Both Philadelphia and Montgomery County have been named two of the most resilient markets in real estate.
According to Redfin, if the U.S. were to face a recession, these two areas have the second and third lowest risk score, behind only Akron, OH. Home prices in both Philadelphia and Montgomery County have grown more slowly than the national median, making them more affordable alternatives.
“Because of Philadelphia’s history, museums, ports, diverse population and diverse economy, we attract buyers and businesses from many different pipelines,” said 2020 PAR President Bill Festa. “I’ve always contended that Philadelphia has been the best kept secret. Even though prices have increased over the years, because of where Philadelphia is located in the northeast corridor between expensive New York City and Washington, DC, it has always been a less expensive market than most major cities and surrounding suburbs.

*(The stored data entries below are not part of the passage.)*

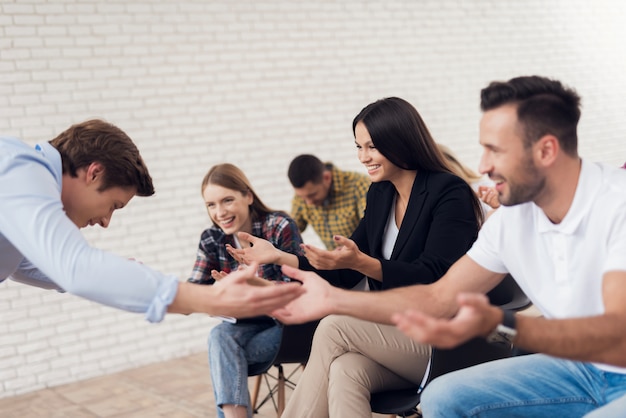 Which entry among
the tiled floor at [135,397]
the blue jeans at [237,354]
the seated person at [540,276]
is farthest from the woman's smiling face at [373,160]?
the tiled floor at [135,397]

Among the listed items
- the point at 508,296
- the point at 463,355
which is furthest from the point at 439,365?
the point at 508,296

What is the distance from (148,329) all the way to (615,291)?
4.55 metres

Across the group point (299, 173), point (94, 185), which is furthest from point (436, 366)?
point (299, 173)

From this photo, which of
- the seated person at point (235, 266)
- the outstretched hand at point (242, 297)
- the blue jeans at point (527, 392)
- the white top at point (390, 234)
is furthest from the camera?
the seated person at point (235, 266)

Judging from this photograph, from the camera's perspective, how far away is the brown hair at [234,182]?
404 cm

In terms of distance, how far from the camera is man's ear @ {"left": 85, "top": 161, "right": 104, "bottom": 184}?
247 cm

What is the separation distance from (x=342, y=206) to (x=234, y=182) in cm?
157

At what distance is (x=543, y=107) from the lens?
7.09ft

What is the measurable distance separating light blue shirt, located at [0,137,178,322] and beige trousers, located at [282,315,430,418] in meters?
1.02

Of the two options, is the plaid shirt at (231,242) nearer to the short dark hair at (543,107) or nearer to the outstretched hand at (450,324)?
the short dark hair at (543,107)

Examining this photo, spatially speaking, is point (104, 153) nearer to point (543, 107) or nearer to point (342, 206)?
point (543, 107)

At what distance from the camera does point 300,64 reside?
6.60m

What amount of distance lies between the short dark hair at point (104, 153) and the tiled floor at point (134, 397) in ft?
7.60

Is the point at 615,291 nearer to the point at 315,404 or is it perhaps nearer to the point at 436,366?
the point at 436,366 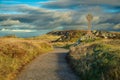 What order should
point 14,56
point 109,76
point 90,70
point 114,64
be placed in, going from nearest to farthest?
1. point 109,76
2. point 114,64
3. point 90,70
4. point 14,56

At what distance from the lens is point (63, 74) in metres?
20.8

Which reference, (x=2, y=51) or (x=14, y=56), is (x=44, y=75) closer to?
(x=14, y=56)

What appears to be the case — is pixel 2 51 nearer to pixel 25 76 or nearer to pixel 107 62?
pixel 25 76

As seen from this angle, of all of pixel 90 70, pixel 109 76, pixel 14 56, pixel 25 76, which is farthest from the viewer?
pixel 14 56

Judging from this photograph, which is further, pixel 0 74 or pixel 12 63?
pixel 12 63

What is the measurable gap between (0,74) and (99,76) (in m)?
5.94

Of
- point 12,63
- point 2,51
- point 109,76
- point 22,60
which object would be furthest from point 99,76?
point 2,51

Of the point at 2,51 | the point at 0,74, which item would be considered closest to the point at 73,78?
the point at 0,74

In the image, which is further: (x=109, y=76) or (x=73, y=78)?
(x=73, y=78)

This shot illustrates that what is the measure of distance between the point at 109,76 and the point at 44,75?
5953 millimetres

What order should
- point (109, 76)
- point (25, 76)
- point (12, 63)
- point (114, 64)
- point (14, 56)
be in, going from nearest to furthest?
point (109, 76)
point (114, 64)
point (25, 76)
point (12, 63)
point (14, 56)

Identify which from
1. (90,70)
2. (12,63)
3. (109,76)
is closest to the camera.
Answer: (109,76)

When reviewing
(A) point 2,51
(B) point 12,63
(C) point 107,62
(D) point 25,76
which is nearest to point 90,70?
(C) point 107,62

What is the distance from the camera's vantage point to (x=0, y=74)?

In every downturn market that I’ve been through, Philly has continued to be a good alternative market because with lower prices, higher interest rates can still make a building or home affordable.”

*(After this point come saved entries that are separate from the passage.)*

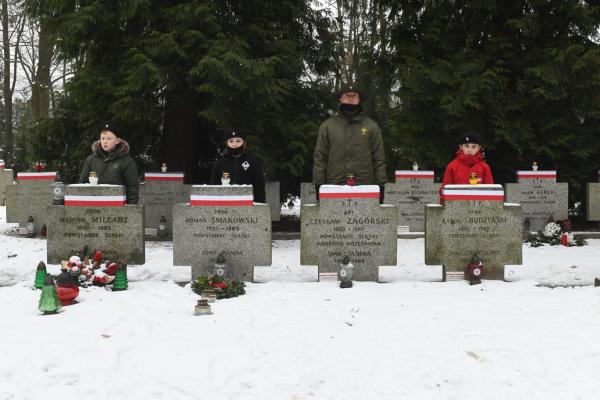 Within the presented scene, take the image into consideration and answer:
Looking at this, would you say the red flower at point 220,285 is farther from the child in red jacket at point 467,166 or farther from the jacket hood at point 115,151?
the child in red jacket at point 467,166

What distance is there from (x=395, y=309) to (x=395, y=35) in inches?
352

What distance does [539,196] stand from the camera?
38.5ft

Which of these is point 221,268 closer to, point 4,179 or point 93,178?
point 93,178

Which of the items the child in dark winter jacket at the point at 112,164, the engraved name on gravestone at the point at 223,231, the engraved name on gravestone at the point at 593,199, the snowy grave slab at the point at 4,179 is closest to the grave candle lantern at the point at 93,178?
the child in dark winter jacket at the point at 112,164

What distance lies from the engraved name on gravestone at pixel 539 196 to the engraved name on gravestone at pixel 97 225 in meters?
7.63

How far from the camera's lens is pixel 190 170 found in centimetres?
1252

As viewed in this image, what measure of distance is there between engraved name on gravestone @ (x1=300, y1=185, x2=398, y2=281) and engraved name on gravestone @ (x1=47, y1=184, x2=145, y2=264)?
210 centimetres

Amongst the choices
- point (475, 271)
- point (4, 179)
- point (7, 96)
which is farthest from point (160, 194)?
point (7, 96)

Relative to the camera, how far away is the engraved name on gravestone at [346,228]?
7023mm

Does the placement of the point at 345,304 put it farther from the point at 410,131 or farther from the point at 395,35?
the point at 395,35

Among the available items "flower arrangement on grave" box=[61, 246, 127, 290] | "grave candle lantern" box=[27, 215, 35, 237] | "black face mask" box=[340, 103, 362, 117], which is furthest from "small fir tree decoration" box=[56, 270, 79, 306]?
"grave candle lantern" box=[27, 215, 35, 237]

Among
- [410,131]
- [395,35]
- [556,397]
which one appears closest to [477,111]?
[410,131]

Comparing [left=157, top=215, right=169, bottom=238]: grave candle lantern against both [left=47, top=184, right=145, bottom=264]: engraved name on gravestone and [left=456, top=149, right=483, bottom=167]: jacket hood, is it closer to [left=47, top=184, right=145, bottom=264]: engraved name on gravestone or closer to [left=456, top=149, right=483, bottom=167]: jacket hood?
[left=47, top=184, right=145, bottom=264]: engraved name on gravestone

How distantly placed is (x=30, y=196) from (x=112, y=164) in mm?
5262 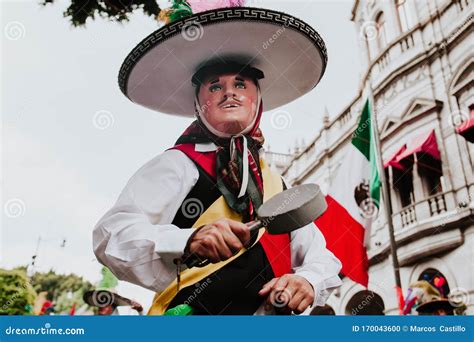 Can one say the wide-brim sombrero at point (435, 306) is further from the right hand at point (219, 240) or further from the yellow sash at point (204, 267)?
the right hand at point (219, 240)

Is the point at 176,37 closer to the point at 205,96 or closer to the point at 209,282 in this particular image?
the point at 205,96

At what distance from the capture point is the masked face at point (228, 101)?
2309 mm

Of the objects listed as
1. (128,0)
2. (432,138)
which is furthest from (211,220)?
(432,138)

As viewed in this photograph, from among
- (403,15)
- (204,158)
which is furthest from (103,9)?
(403,15)

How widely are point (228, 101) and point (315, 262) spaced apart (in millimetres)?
878

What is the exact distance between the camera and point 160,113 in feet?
8.29

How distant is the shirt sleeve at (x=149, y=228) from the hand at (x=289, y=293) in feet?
1.42

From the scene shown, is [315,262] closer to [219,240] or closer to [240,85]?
[219,240]

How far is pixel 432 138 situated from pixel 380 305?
5.73 feet

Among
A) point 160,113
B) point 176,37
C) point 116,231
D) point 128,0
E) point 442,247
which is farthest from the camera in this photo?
point 442,247

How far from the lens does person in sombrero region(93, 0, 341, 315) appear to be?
203cm

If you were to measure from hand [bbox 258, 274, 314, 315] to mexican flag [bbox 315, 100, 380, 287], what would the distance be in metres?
0.59

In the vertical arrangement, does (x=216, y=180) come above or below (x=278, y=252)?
above

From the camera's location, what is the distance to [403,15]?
3.87 metres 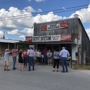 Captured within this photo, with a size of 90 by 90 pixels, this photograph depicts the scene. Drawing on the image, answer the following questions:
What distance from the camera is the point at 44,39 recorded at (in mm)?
20703

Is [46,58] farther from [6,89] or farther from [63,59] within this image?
[6,89]

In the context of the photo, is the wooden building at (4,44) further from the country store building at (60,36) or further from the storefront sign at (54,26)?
the storefront sign at (54,26)

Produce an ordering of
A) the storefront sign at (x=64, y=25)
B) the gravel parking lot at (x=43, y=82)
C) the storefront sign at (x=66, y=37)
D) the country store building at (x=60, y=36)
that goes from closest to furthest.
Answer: the gravel parking lot at (x=43, y=82) < the storefront sign at (x=66, y=37) < the country store building at (x=60, y=36) < the storefront sign at (x=64, y=25)

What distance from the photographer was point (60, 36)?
19422mm

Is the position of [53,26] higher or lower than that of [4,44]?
higher

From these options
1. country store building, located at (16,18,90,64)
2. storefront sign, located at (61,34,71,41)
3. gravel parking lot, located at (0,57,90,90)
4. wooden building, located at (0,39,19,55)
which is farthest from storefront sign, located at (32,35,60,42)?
wooden building, located at (0,39,19,55)

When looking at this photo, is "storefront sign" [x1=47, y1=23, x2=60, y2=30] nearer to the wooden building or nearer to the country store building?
the country store building

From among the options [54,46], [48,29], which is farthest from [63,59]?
[48,29]

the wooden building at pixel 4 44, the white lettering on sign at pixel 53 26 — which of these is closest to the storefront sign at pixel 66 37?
the white lettering on sign at pixel 53 26

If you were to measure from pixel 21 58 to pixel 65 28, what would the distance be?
9810 millimetres

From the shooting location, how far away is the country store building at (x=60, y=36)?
1883 cm

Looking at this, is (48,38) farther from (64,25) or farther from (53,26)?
(64,25)

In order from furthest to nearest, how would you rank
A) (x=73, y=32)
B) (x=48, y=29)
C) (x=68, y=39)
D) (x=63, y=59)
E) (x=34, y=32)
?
1. (x=34, y=32)
2. (x=48, y=29)
3. (x=73, y=32)
4. (x=68, y=39)
5. (x=63, y=59)

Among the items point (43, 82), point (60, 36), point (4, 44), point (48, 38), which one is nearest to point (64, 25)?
point (60, 36) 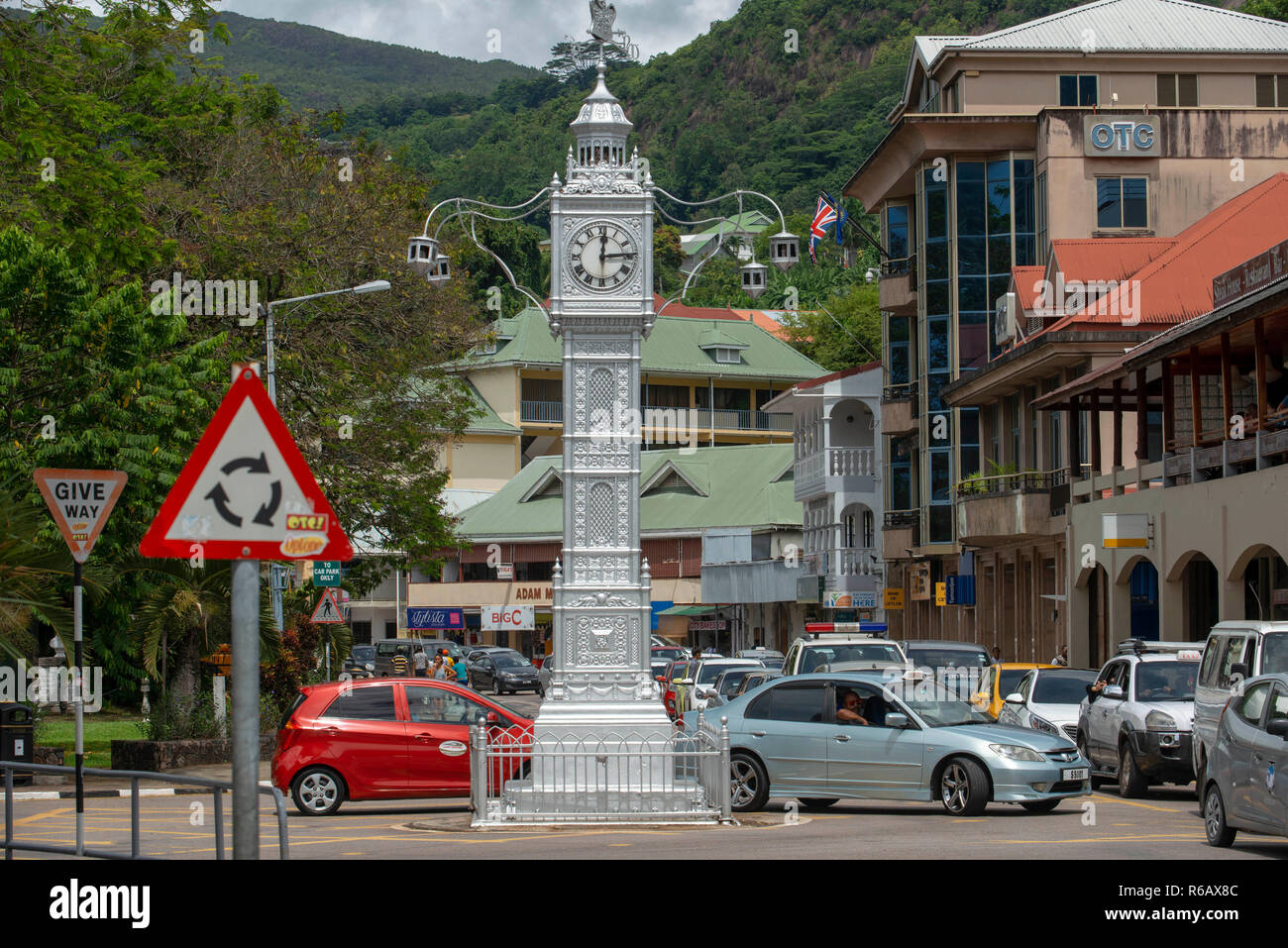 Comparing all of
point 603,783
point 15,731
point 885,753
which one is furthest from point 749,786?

In Philadelphia, the average home-loan-to-value ratio is 86%, while it is 83% in Montgomery County. Home prices grew only 10.1% year over year in Philadelphia and 11% in Montgomery County.

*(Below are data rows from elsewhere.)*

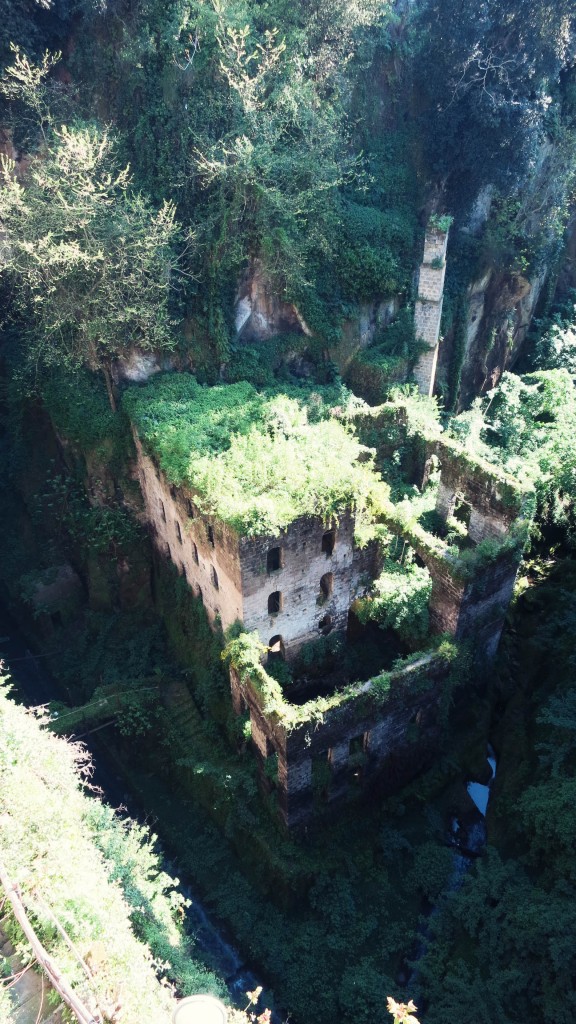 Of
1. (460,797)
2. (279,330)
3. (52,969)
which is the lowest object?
(460,797)

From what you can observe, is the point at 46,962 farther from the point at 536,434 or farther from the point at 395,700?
the point at 536,434

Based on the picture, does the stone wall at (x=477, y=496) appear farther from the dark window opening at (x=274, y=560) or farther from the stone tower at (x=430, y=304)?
the dark window opening at (x=274, y=560)

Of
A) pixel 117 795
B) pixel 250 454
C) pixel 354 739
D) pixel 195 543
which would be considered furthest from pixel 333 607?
pixel 117 795

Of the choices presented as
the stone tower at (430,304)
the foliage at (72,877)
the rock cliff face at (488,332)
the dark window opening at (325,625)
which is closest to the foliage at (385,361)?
the stone tower at (430,304)

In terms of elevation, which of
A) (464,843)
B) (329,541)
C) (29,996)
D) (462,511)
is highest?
(329,541)

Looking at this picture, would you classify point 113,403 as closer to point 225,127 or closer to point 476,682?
point 225,127

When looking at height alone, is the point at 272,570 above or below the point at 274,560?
below

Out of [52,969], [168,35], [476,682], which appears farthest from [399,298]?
[52,969] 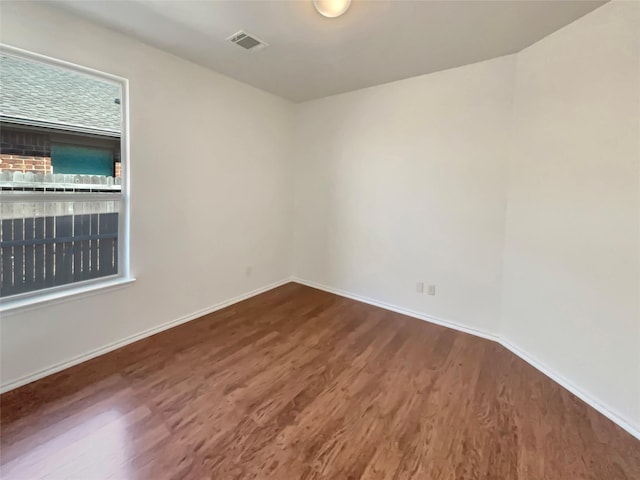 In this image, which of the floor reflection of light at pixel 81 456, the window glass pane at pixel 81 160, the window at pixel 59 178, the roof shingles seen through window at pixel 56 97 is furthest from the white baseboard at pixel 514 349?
the roof shingles seen through window at pixel 56 97

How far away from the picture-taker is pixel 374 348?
8.86ft

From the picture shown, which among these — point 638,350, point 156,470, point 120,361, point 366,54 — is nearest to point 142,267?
point 120,361

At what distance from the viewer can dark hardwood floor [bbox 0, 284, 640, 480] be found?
151 centimetres

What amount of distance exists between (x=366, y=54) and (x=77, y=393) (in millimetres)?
3528

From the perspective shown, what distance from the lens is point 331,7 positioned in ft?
6.31

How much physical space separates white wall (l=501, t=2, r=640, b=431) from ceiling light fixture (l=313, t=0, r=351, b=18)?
5.53 ft

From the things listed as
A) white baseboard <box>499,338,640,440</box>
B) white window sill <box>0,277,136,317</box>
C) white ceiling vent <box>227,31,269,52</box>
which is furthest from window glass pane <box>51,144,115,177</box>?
white baseboard <box>499,338,640,440</box>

“Montgomery County is a really stable collar county around the city of Philadelphia,” said PAR President Christopher Beadling. “Most people who live in Montgomery County are doing so because it is convenient to their job, they appreciate the schools and they like the quality-of-life features that have been created to make their communities fun and safe,” he said.
“It is rare, in most parts of the county, anyway, to see people who are buying homes here with a short-term horizon,” he added. “Most are putting down roots and will only move when their situation leads them to need more or less space. Even then, most of the Montgomery County homeowners are looking for something nearby that meets their new needs.”